Il processo di integrazione sovranazionale muta forma e finalità. L’edificazione dei sistemi di protezione sociale era stata, dopo il disastro della pima e della seconda guerra mondiale, il principale fattore di rilegittimazione etico-politica delle classi dirigenti europee. Ben oltre il federalismo visionario alla Spinelli. Ora invece, con il declino dell’ordine di Bretton Woods, il mantenimento dei livelli di prestazioni erogate dal welfare dipende in misura sempre maggiore dalla capacità di rifinanziare il debito sovrano sui mercati, dalla capacità dello Stato di guadagnarsi e mantenere la loro ‘fiducia’.
Il mutamento della “costituzione economica internazionale” ha ricadute destrutturanti sulla “costituzione economica comunitaria”. Nella sfera microeconomica si capovolgono i rapporti di forza tra Stato e mercato, in conseguenza della costituzionalizzazione del “principio del mutuo riconoscimento” e dell’esasperazione della concorrenza al ribasso delle tutele. Nella sfera macroeconomica il Trattato di Maastricht pone al vertice il valore della stabilità monetaria, attribuendone l’esclusiva custodia alla Banca centrale europea la quale, solo subordinatamente al vincolo antinflazionistico, è autorizzata a sostenere le “politiche economiche generali dell’Unione”. Parallelamente è introdotto il principio delle “finanze pubbliche sane”: il debito pubblico di ciascun paese non può superare il 60 per cento del PIL e il deficit annuale il 3 per cento.

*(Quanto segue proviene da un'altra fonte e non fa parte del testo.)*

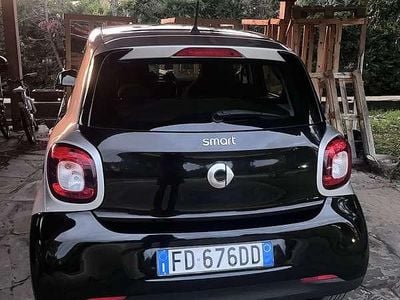 Usata 2016 Smart ForFour Passion Utilitaria | 7000 € (Super prezzo)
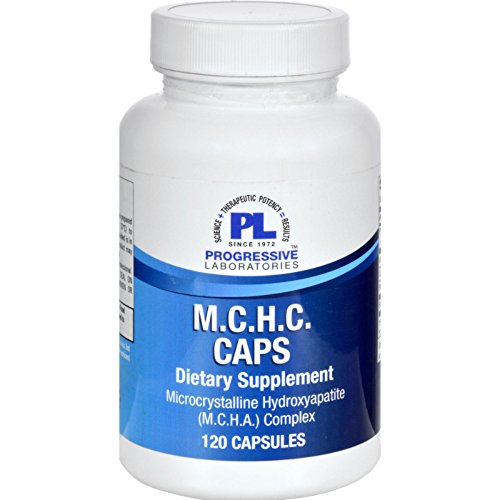 Progressive Laboratories MCHC Caps - 120 Capsules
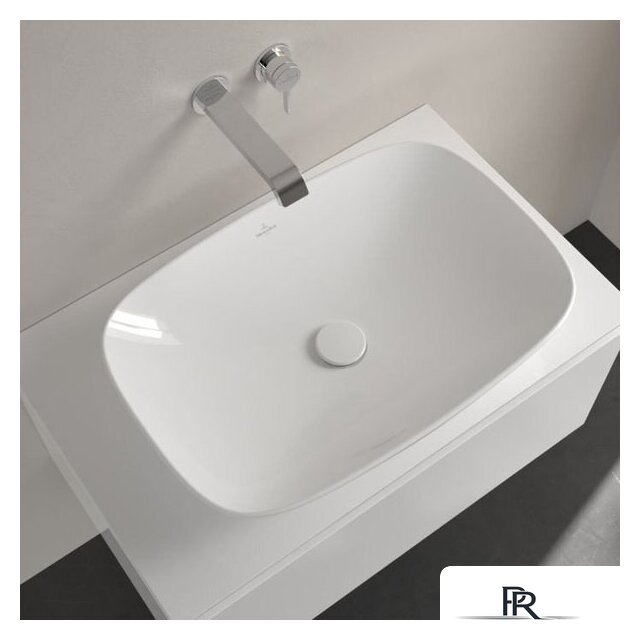 Умывальник Villeroy & Boch 4A5001R1 - Изображение №5 — Интернет-магазин ПроЗаказ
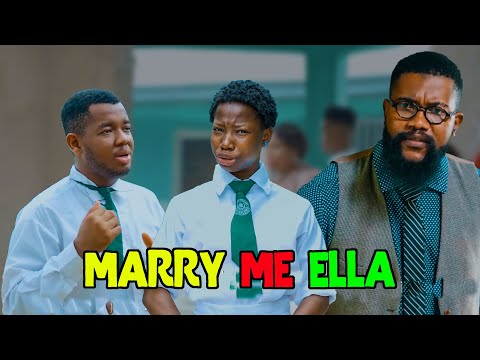 Marry Me Ella -  Africa's Worst Class video | Aunty Success | MarkAngelComedy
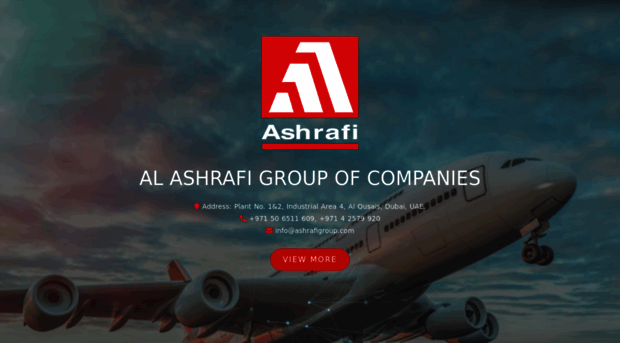 ashrafigroup.com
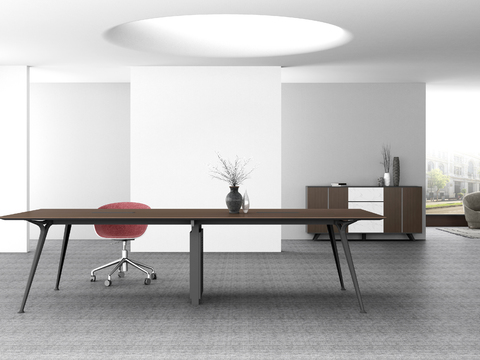 Modern Office Conference Table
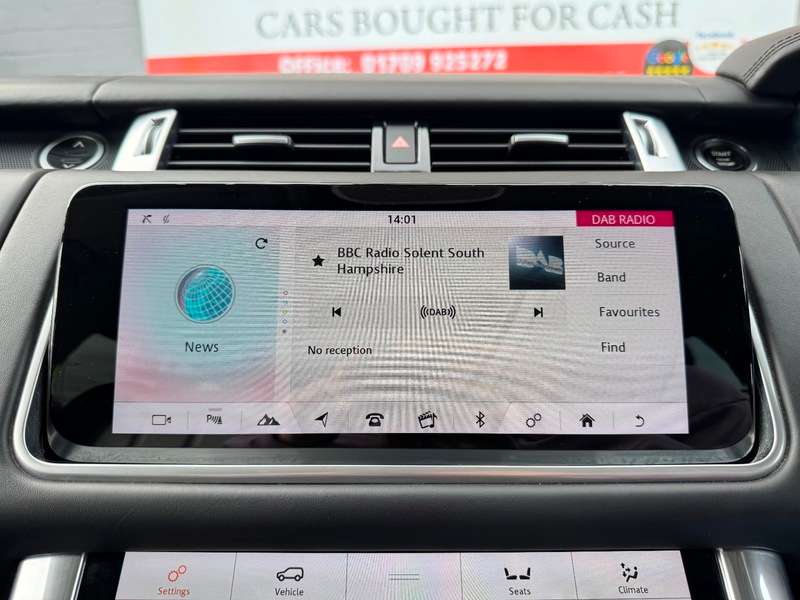 2018 LAND ROVER RANGE ROVER SPORT 2018 LAND ROVER RANGE ROVER SPORT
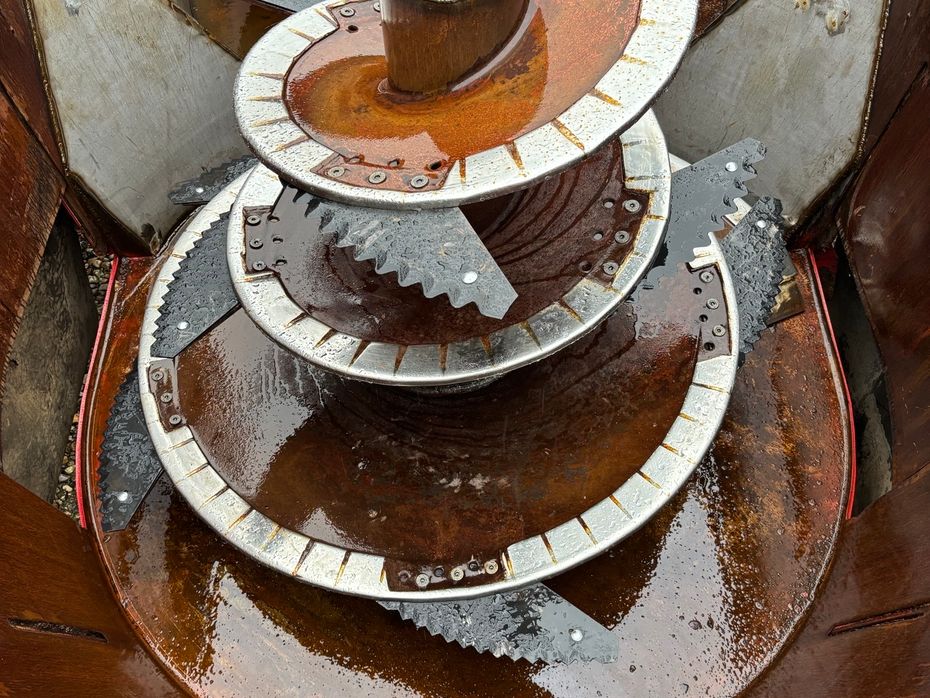 RMH Mixell 26 Klar til levering-Reborn - Fuldfoderblandere - Fuldfodervogne - 14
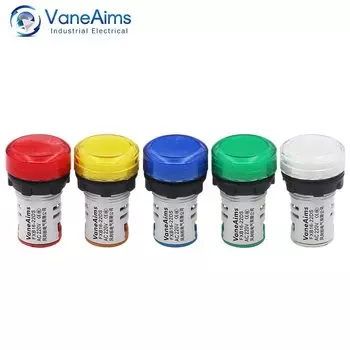 Индикаторная лампа VaneAims FXB16-22DS 220В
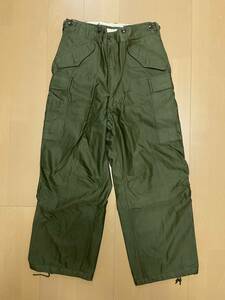 50s dead M51 field pants Small U.S.ARMY Baker pants Vintage herringbone HBT 40s M65fa tea g pants military 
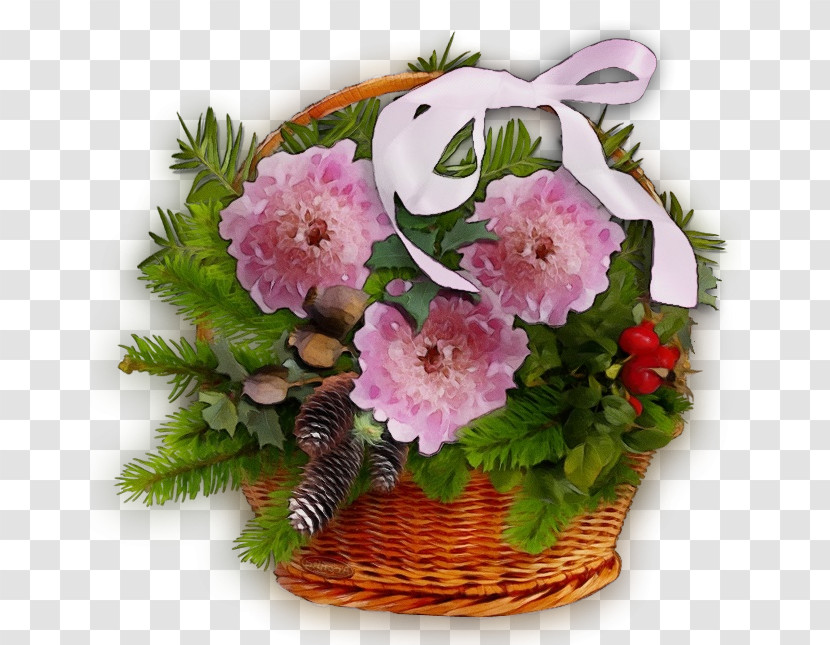 Floral Design Transparent PNG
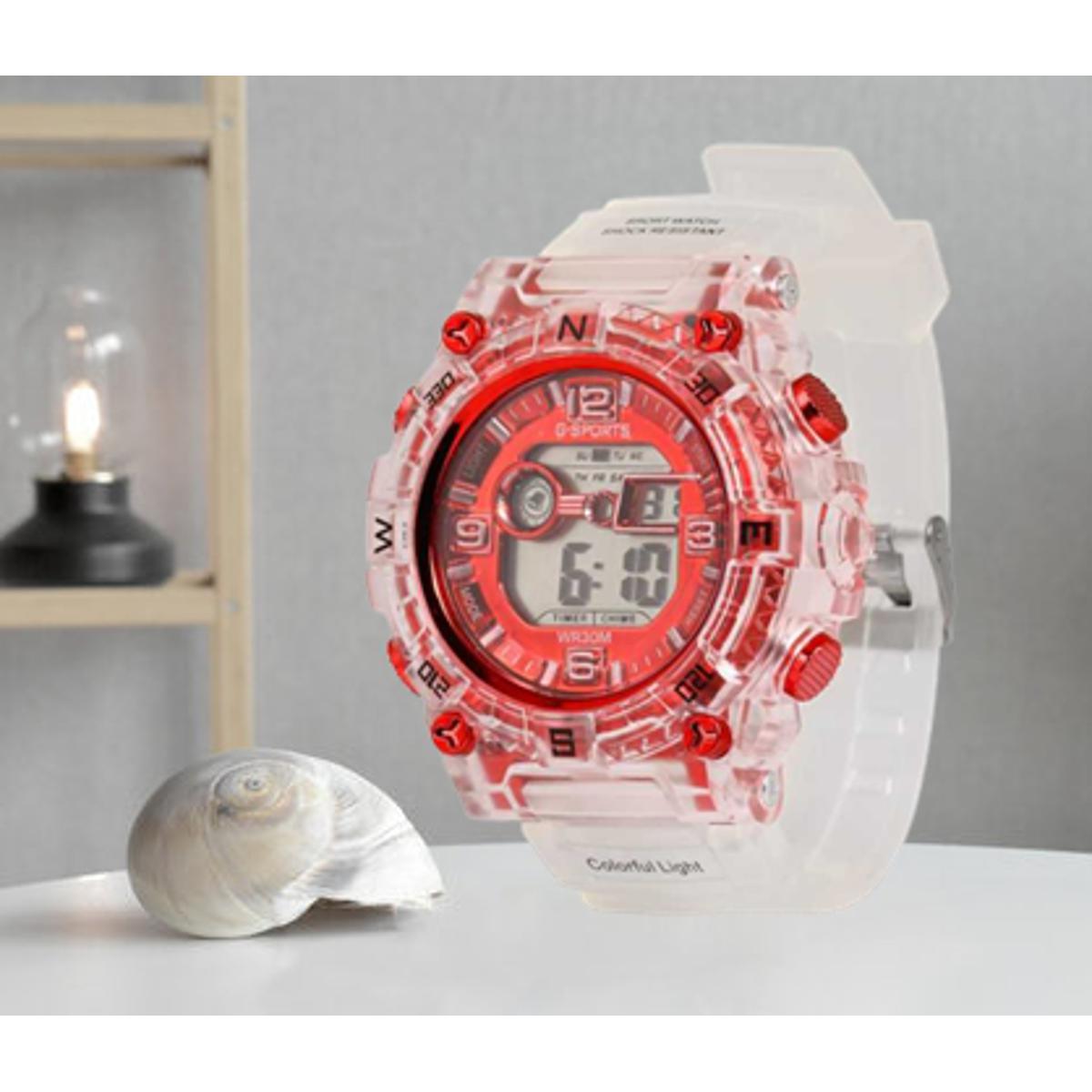 Picture of Lasika Watch Sports Watch Fashion Mens Watches In Wristwatches Luxury Waterproof Watch - Watch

Gli ambiti concessi agli Stati membri per il perseguimento di autonome politiche redistributive vengono pesantemente ristretti in forza di vincoli sempre più stringenti fino ad arrivare con il patto di stabilità a sancire la regola del saldo di bilancio in pareggio e poi con il c.d. “patto di bilancio” (Fiscal compact) la recezione del principio del pareggio anche negli ordinamenti interni. Mentre, per far fronte alla crisi dei debiti sovrani si istituisce un “fondo salva Stati” (Trattato MES) per il sostegno finanziario degli Stati a rischio di solvibilità, un sostegno condizionato all’adozione di piani di aggiustamento strutturale sotto la vigilanza di un organismo ibrido, la c.d. troika, composto dai rappresentanti della BCE, della Commissione europea e del Fondo monetario internazionale (FMI). Ne sanno qualcosa i pensionati greci, e non solo loro.
Il valore della stabilità macroeconomica è uno degli sciagurati pilastri dell’ordine di Maastricht. Altrettanto sciagurato è il pilastro della competitività, quella competitività che mister Draghi, ancora in questi mesi e in queste settimane, continua a invocare come la nostra ancora di salvezza.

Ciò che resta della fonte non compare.